She completed her first years of medical school but eventually earned a degree in Political Science. At 18, she joined the Justicialist Party. Since then, she has trained in public policy with a rights-based approach and specialized in the design, evaluation, and implementation of social, health, education, and community programs.

In 2019, she was a candidate for deputy in the Entre Ríos legislative elections and the second-place candidate for THE Argentine Senate in the national elections. She finished second on the national list of candidates.
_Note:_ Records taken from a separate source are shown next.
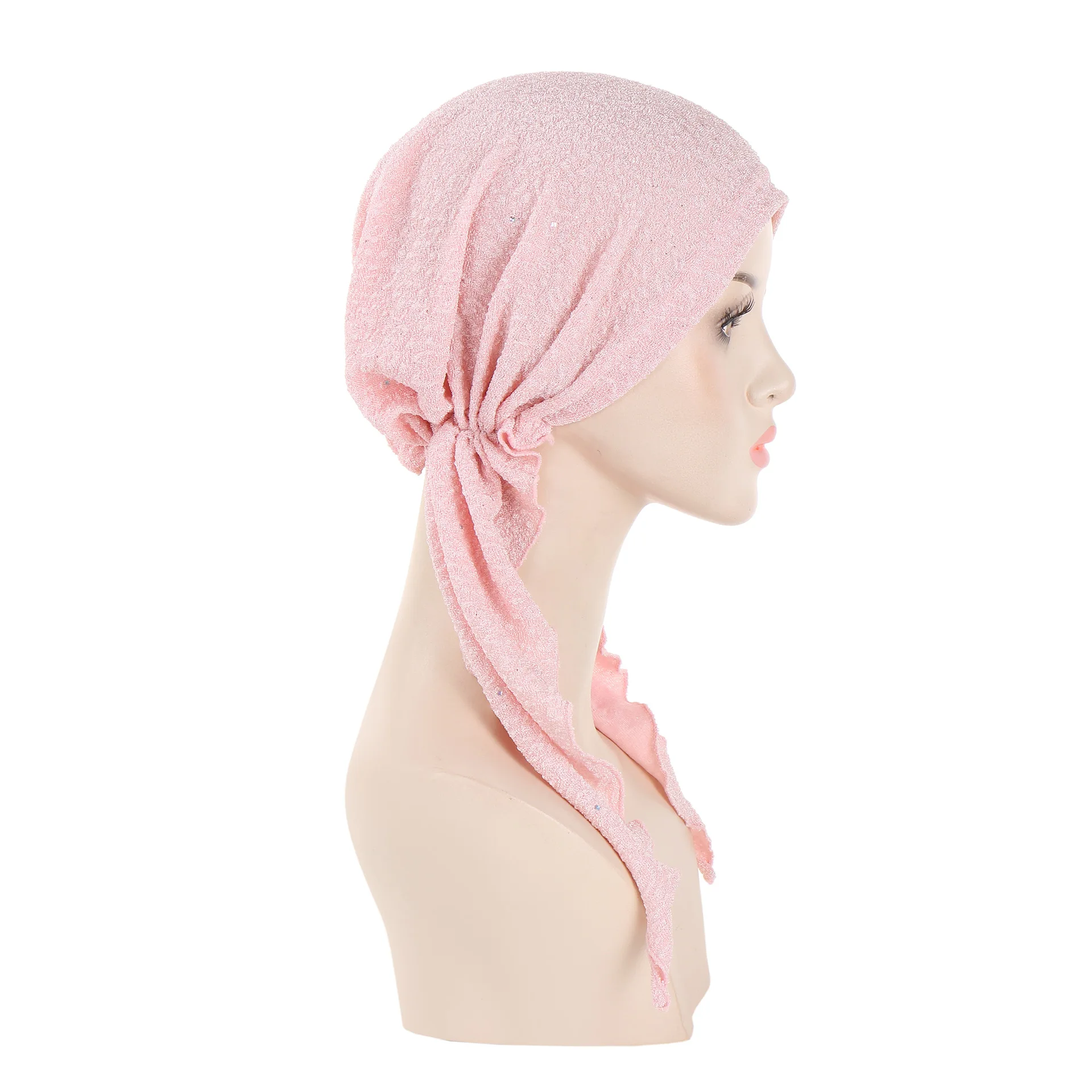 2024 New Solid Color Muslim Hijab Caps Wrap Head Ramadan Soft Elastic Ladies Turban Bonnet Fashion Headdress Wearable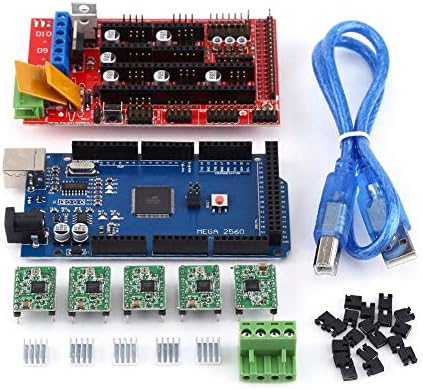 3D Printer RAMPS 1.4 Controller + MEGA2560 R3 + A4988 With Heat Sink USB Calbe Jumper Kit electronic projects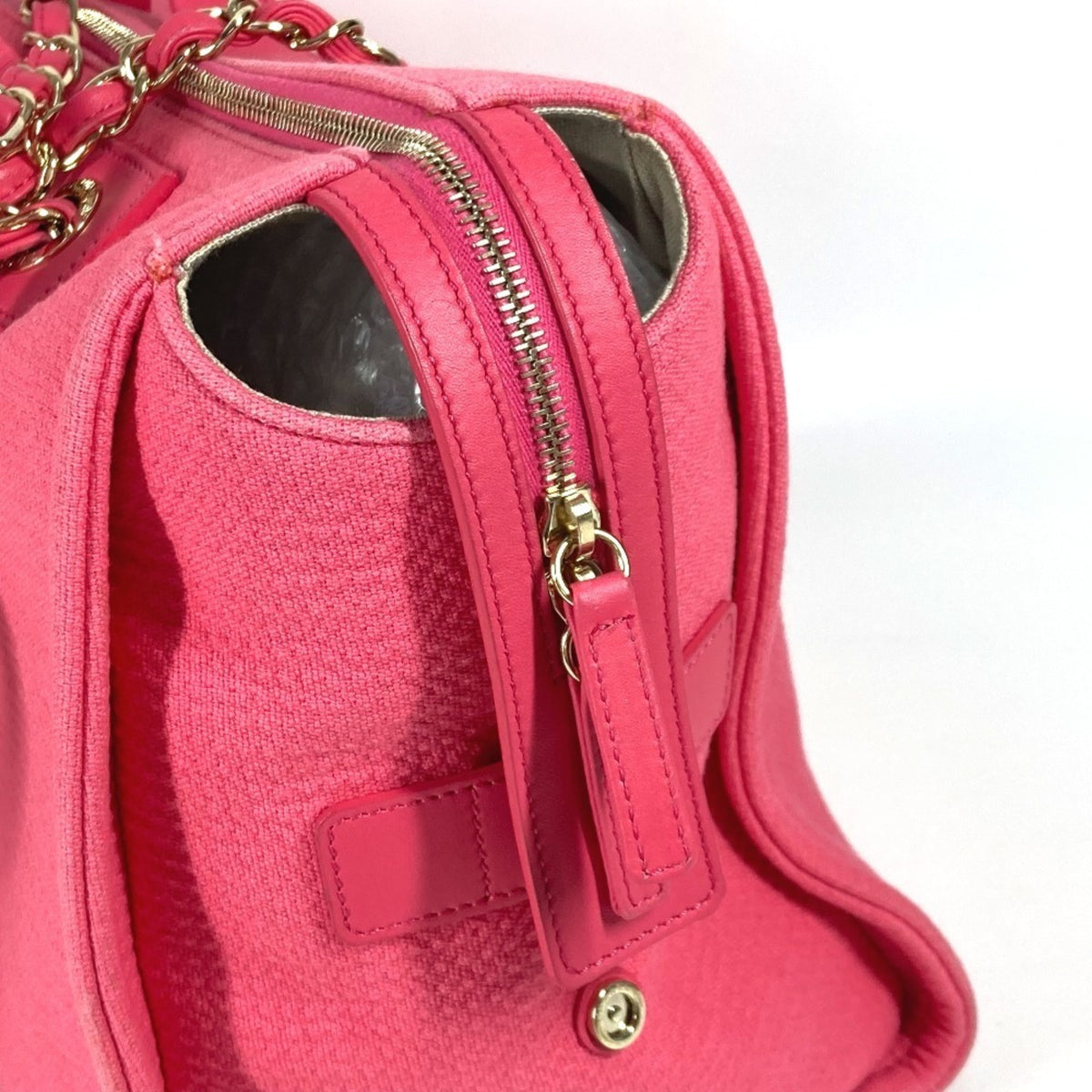 Chanel Pink Canvas Boston Bag Handbag Shoulder Bag (Pre-Owned)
She was later accused of aligning herself with Javier Milei's government, which allowed Cora to take a leadership position in her current coalition within the Entre Ríos PJ.

Senator Edgardo Kueider would be removed for "moral incapacity" by the Chamber itself, and Cora assumed as his successor on 20 February 2025, becoming one of the youngest senators to represent Entre Ríos.

== Activism and projects ==
Cora has been a prominent speaker in the Chamber of Deputies of Entre Ríos, especially in opposition to the policies of Governor Rogelio Frigerio. Her commitment to gender and feminist issues is also reflected in her legislative initiatives, such as the proposal for an "Awareness, Training, and Dissemination Program on Alternative Masculinities," presented in 2024.

== Recognitions and leadership ==
Considered one of the most influential young women in Kirchnerism in Entre Ríos, Cora is known for her closeness to key figures in the movement , especially the Patria Institute. Her negotiating skills within her political force have been notable, although her loyalty to Kirchnerism often places her at the center of internal disputes within the PJ .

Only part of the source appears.